NEW DELHI (AP) — Indian airports were on high alert Friday after intelligence services received information that al Qaeda-linked militants were plotting to hijack a plane.
Such an attack would be the first major terrorist strike in India since 10 heavily armed militants rampaged through the commercial capital Mumbai for three days in November 2008, killing 166 people.
Airports were placed on alert Thursday after the government received warnings from intelligence agencies, aviation spokeswoman Moushumi Chakravarty said.
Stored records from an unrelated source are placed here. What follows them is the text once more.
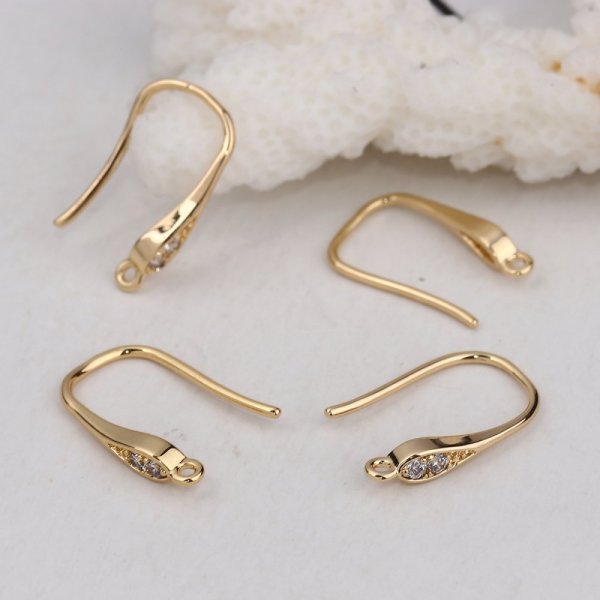 Portapendientes N&deg;26 Gancho chapado en oro y strass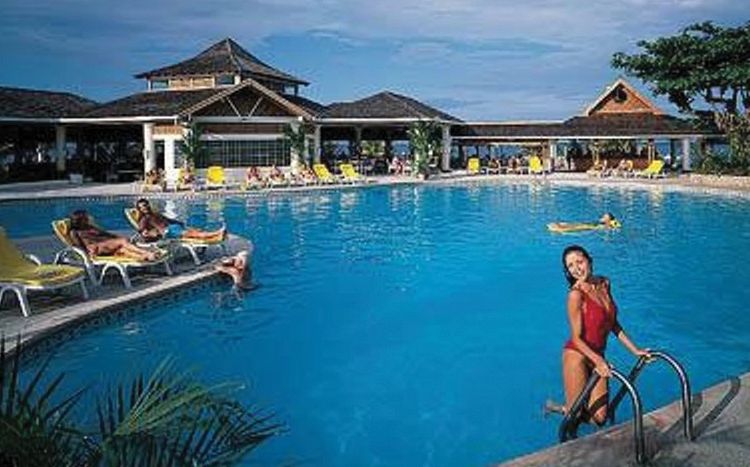 Jewel Runaway Bay Beach & Golf Resort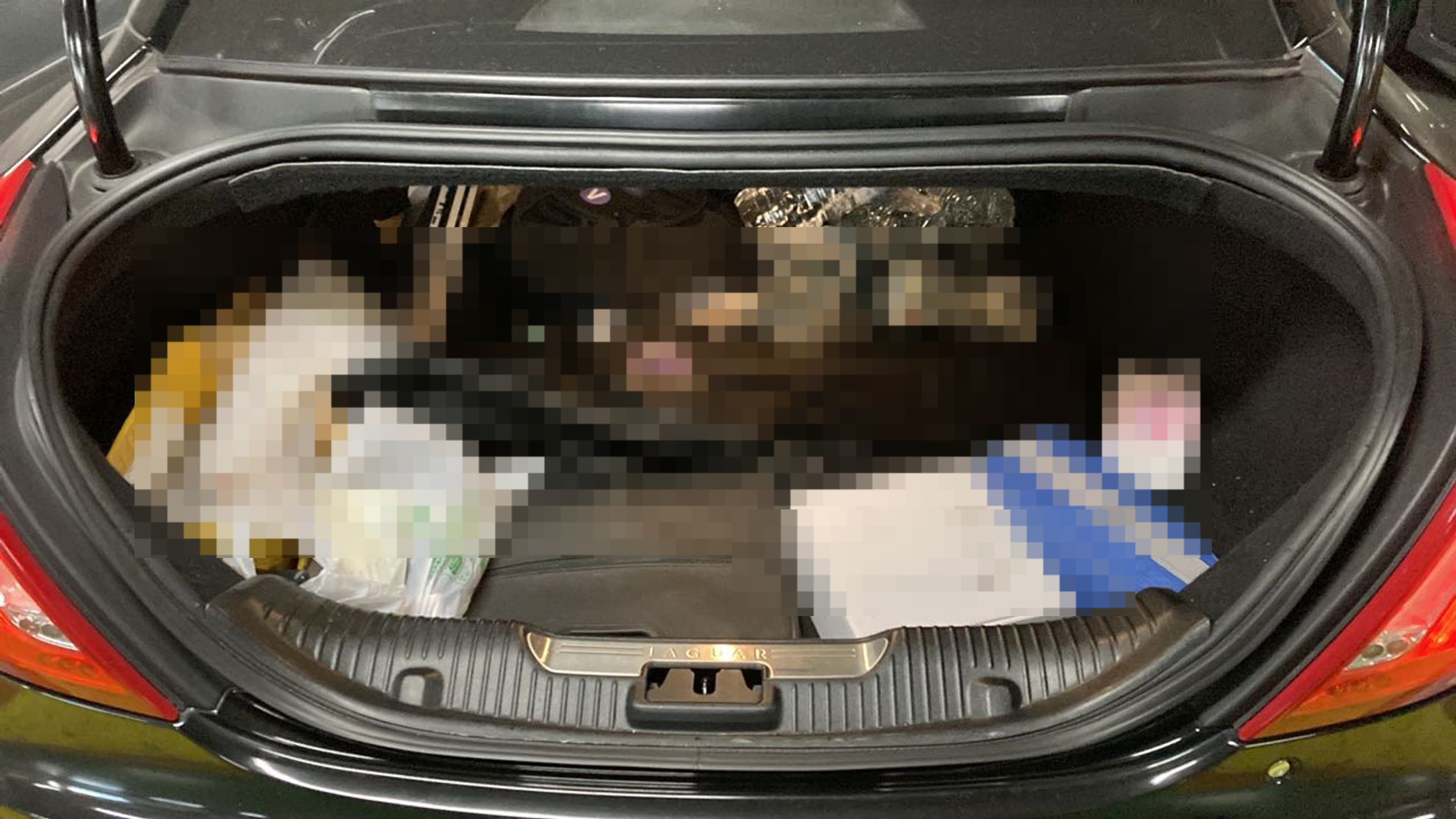 内装トランク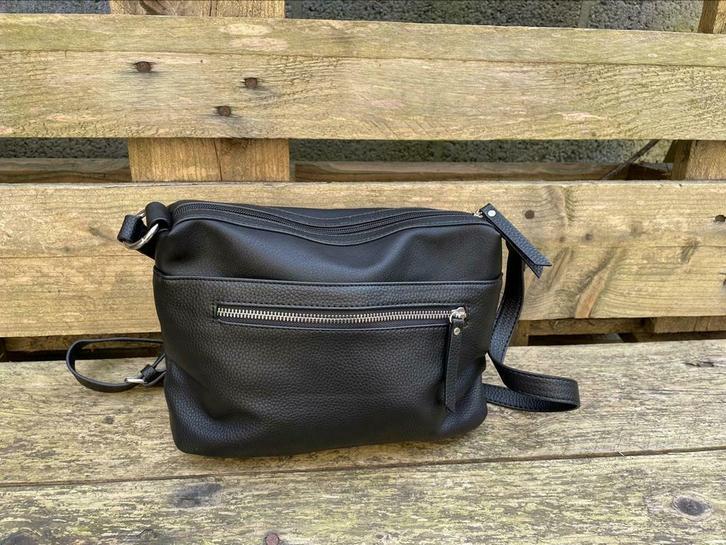 Kleine zwarte handtas / C&A, Handtassen en Accessoires, Tassen | Damestassen, Nieuw, Handtas, Zwart, Ophalen of Verzenden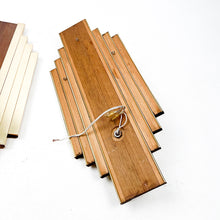 画像をギャラリービューアに読み込む, 真鍮と木製の大型ウォールスコンセ、ペア、1950年代
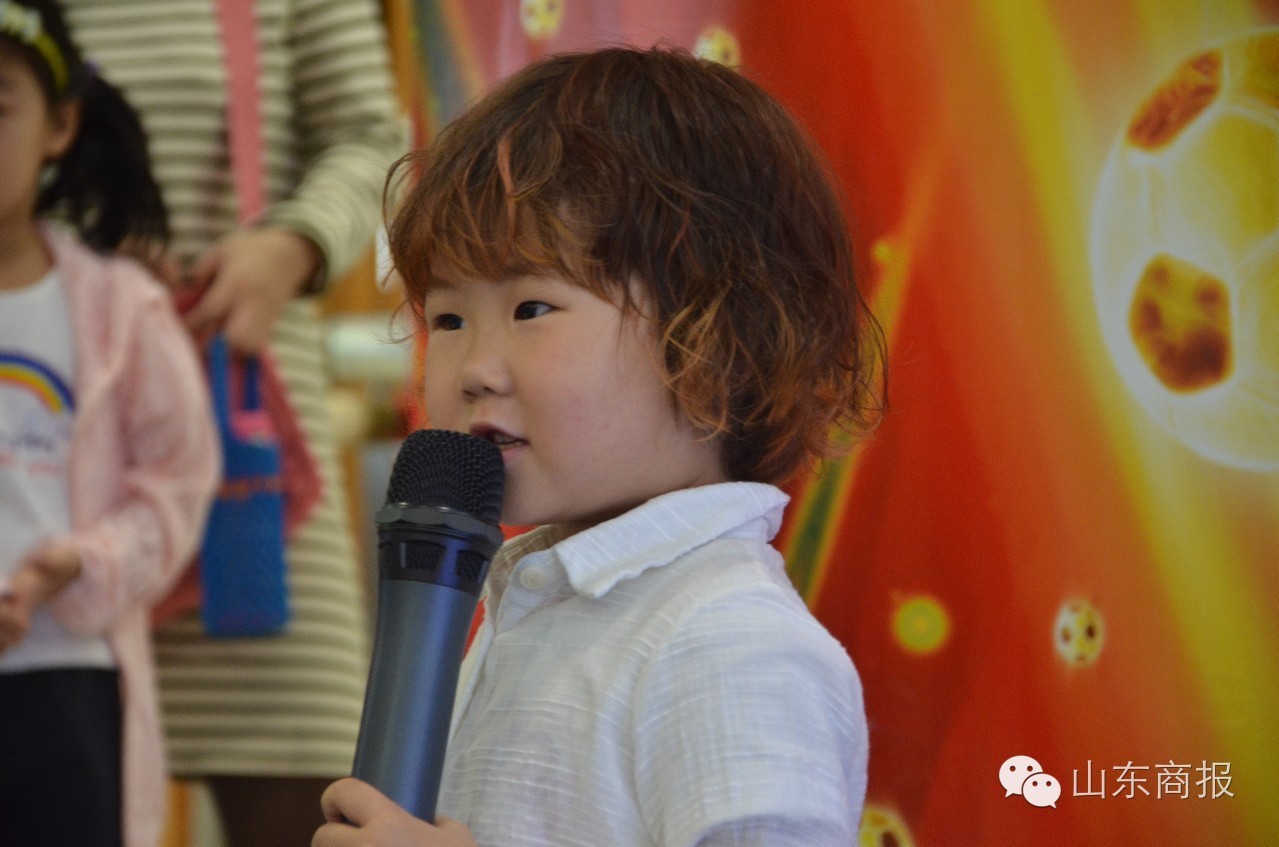 百余萌宝嗨翻天！足球萌宝们演出太卖力了，赶紧看看！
A report in The Indian Express newspaper, which Chakravarty confirmed, said intelligence officials had uncovered a plot by militants linked to al Qaeda and the Pakistan-based Lashkar-e-Taiba group to hijack an Air India or Indian Airlines flight destined for a neighboring South Asian country.
U.K. Bansal, a top home ministry official, said security was tightened at all airports and passengers were being subjected to more intense security screenings.
Sky marshals will also be deployed on some flights, the home ministry said in a statement.
Indian media said the hijack threat was uncovered during the interrogation of Amjad Khwaja, a militant leader belonging to Harkat-ul-Jihad-al-Islami, an extremist group involved in numerous terrorist attacks in India.
Khwaja was arrested in the southern Indian city of Chennai last week and was being questioned by Indian police.
Harkat-ul-Jihad-al-Islami is said to have similar motivation and goals as both al Qaeda and Lashkar, but it is unclear whether they have direct links.
The terror alert came just days after U.S. Defense Secretary Robert Gates warned that a syndicate of terrorist groups affiliated with al Qaeda was trying to foment a new war between India and Pakistan.
The nuclear-armed neighbors have fought three wars, and efforts to resolve their long-running dispute over the Kashmir region were frozen after the Pakistan-based militants attacked Mumbai in 2008.
Gates praised India for its restraint after the Mumbai attack, but expressed concern that the government would have a hard time reacting so cautiously if it were hit again.
In December 1999, Islamic militants hijacked an Air India flight from Nepal’s capital, Katmandu, to Kandahar in southern Afghanistan.
The hijacking ended when New Delhi released four Islamic militants in exchange for 167 passengers and crew.